Betere regelgeving in de Europese Unie
Beleidsdebat
De Raad besprak wat er nodig is om regeldruk voor ondernemers te verminderen. Er is
unaniem steun voor betere regelgeving. Volgens het Hongaarse voorzitterschap zijn
er duidelijke keuzes nodig om het concurrentievermogen te kunnen verbeteren. Ook in
het kader van betere regelgeving onderstreepte het Hongaarse voorzitterschap de toegevoegde
waarde van de voorstellen over betere regelgeving die in het Draghi rapport worden
gedaan. Vicevoorzitter Vestager erkende dat in de aankomende Commissieperiode een
hoog ambitieniveau nodig is om te komen tot vereenvoudiging en betere regelgeving.
Dat vergt minder rapportage verplichtingen, 25% minder regeldruk voor het bedrijfsleven,
en 35% minder regeldruk voor het mkb. Tevens brachten veel lidstaten dit punt op.
Nederland opende het beleidsdebat door het inbrengen van de belangrijkste punten uit
het gezamenlijke non-paper met de Italianen, Tsjechen, Zweden en Denen.5 Zo riep Nederland de Commissie op om bij nieuwe regelgeving altijd een impact assessment uit te voeren en om bij significante wijzigingen de impact assessments te actualiseren. Het belang van gedegen impact assessments werd breed gedragen in de Raad. Ook riep Nederland de Raad op om bij bestaande wetgeving
regeldruk aan te pakken en rekening te houden met het cumulatieve effect. In dit kader
riep Nederland de Commissie op om binnen de eerste 100 dagen een stress-test uit te
voeren op het EU-acquis. In reactie op deze oproep onderstreept de Commissie het belang
van stress-testen van het acquis. Hierbij geeft de Commissie aan dat er bij de stress-test
ook rekening gehouden moet worden met de context van de regels. Desalniettemin kan
de stress-test wel een handige exercitie zijn voor simplificering en om dubbelingen
en tegenstrijdigheden tegen te gaan.
Diversenpunten
De Commissie presenteerde een aantal diversenpunten. De Commissie gaf een update over
lopende wetgevingsdossiers en presenteerde daarnaast het e-declaration voorstel en benoemde de link van dit voorstel met het betere regelgeving dossier.
Verder stond de Commissie kort stil bij het werk dat is gedaan in de SME Envoy groep.

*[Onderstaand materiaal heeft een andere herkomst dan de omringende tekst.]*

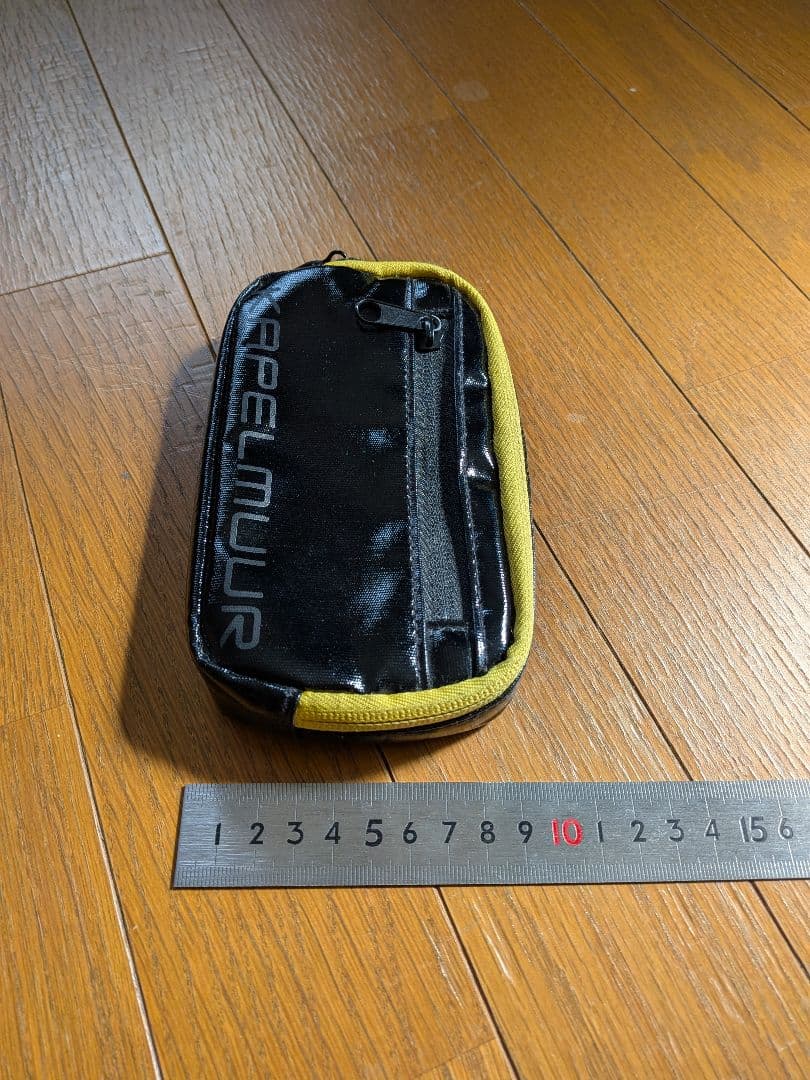 KAPELMUUR サイクルポーチ ブラック イエロー — image 4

Daarnaast agendeerden meerdere landen een non-paper tijdens deze Raad. Zo agendeerden
Italië en Tsjechië een non-paper over het belang van de automobiel sector. In dit
kader verwelkomde de Raad de aangekondigde Strategic Dialogue Automotive van de nieuwe Commissie. Finland en Denemarken agendeerden non-papers of het belang
van biotechnologie, waar Nederland het belang van een brede scope voor de aankomende
Biotech Act inbracht, conform BNC-fiche.6 Een aantal grote lidstaten agendeerden een non-paper over het belang van samenwerking
op de EU-batterijenindustrie.
Tevens presenteerde het aankomende Poolse voorzitterschap haar prioriteiten op het
gebied van concurrentievermogen. Tijdens de presentatie herhaalde Polen dat veiligheid
centraal staat binnen het aankomend voorzitterschap. De drie pilaren op concurrentievermogen
worden economische veiligheid en strategische autonomie binnen waardeketens, een sterke
interne markt, met name op diensten, en sterk industriebeleid met focus op de Clean Industrial Deal en betere regelgeving.

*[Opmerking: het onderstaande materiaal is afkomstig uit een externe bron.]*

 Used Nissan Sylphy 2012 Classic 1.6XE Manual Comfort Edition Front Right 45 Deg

Onderzoek en innovatie (28 november 2024)
Dit deel van het verslag is mede namens de Minister van Onderwijs, Cultuur en Wetenschap
en gaat enkel over het onderzoeks- en innovatiedeel van de Raad.
Concurrentiekracht van de EU versterken en fragmentatie van de Europese Onderzoeksruimte
aanpakken op basis van de ERA-beleidsagenda (2022–2024)
Aanname Raadsconclusies
De Raad stemde in met de Raadsconclusies over «het versterken van de concurrentiekracht van de EU en het aanpakken van de fragmentatie
van de Europese Onderzoeksruimte (ERA) op basis van de ervaringen met de uitvoering
van de ERA-beleidsagenda (2022–2024)». Deze Raadsconclusies kijken terug op de ERA-beleidsagenda die de afgelopen jaren
is uitgevoerd, en dienen tegelijkertijd als inspiratie voor de volgende ERA-beleidsagenda
(2025–2027). Eurocommissaris Ivanova verwelkomde de Raadsconclusies en benadrukte
het belang van excellentie om te komen tot zowel economische als maatschappelijke
impact. Tevens riep ze op tot meer private investeringen en kijkt ze er naar uit om
samen met de lidstaten door te werken aan de verdere vormgeving van de ERA.
Nederland en enkele andere lidstaten benadrukten het belang van excellentie als selectiecriterium
voor onderzoeks- en innovatievoorstellen om écht impact te bereiken en de concurrentiekracht
van de EU te versterken. Hierdoor kan ook de innovatiekloof die de EU heeft ten opzichte
van derde landen worden verkleind. Enkele, met name oostelijk Europese lidstaten,
benadrukten ook het belang van het overbruggen van de innovatiekloof binnen de EU.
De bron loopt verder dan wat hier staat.